De l’éducation populaire à l’animation socioculturelle : territorialisation des emplois A partir de 1971, la manne des crédits pour la formation professionnelle continue  (loi Delors), habilement utilisée par le gouvernement, réoriente progressivement les mouvements d’éducation populaire selon les vues de celui-ci. Les subventions sont remplacées par de généreuses conventions attribuées pour la formation d’un corps d’animateurs socio-éducatifs et culturels professionnels au service des collectivités territoriales. La consigne est de former des animateurs de loisirs, jeunesse, enfance, culture…  Quel est le public visé ? Officiellement, tout le monde. On ne distingue plus les classes sociales. On considère la zone géographique d’influence. Sauf que… les zones géographiques correspondent, plus qu’avant, à des catégories sociales bien spécifiques, avec la construction de grands ensembles d’un côté et, de l’autre, les centres villes qui s’embourgeoisent. Les nouveaux animateurs socio-éducatifs, socioculturels et sociaux tout court sont surtout appelés dans les zones à urbaniser en priorité (ZUP) et les quartiers construits pour les salariés d’entreprises nouvellement implantées. Leurs habitants transplantés n’ont ni famille ni relations là où ils vivent, d’où la nécessité de créer du lien, des lieux de rencontre et des services. Dans ces nouveaux espaces de vie se croisent rapatriés d’Algérie, harkis, Portugais, Maghrébins, puis Africains immigrés et salariés en général, de plus en plus fréquemment déplacés au gré des entreprises. A cela s’ajoutent les effets de l’exode rural et du baby-boom. Les classes moyennes (employés, ouvriers qualifiés, techniciens, cadres intermédiaires) sont demandeuses d’activités culturelles, physiques et artistiques. Dans les zones plus défavorisées, les centres sociaux mettent en place des cours d’alphabétisation, de français, de cuisine et de couture. L’information sur la contraception pour les femmes circule dans les centre de protection maternelle et infantile (PMI) grâce au Planning Familial.
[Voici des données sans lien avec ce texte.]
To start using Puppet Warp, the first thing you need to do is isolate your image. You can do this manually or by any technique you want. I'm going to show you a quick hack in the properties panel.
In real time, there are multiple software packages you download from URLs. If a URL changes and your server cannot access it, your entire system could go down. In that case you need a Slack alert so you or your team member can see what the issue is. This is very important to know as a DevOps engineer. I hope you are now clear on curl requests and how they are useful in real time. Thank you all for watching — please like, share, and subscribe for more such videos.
En 1980, le maillage est presque parfait… Mais quand montent le chômage de masse et ses effets pernicieux, particulièrement sur les jeunes, que les violences se multiplient, que le racisme se réveille, il n’y a plus d’avocat pour représenter les victimes. Les institutions d’éducation populaire, occupées par des activités de formation et de loisirs, sont coupées des désordres de la rue. Pendant ce temps, l’influence idéologique du clergé, des syndicats, du Parti communiste — qui ont cimenté, d’une certaine façon la paix sociale — décline, laissant place à un monde désenchanté. Le fossé se creuse entre classes moyennes et populaires. Sur le terreau de ce désarroi, les mouvements nés dans la foulée de 1968 : écologistes, non-violents, libertaires, autogestionnaires, expérimentateurs d’agriculture biologique, de pédagogies nouvelles, féministes… restés marginaux pendant les années 70, prennent de l’ampleur et commencent à se faire entendre. Ceux-ci sont plutôt issus des classes moyennes intellectuelles. En parallèle, une “culture populaire” venue d’ailleurs se développe dans les cités  : break dance, hiphop, rap et slam, graffitis et fresques murales à la bombe. La plupart de ces jeunes n’ont jamais entendu parler d’éducation populaire.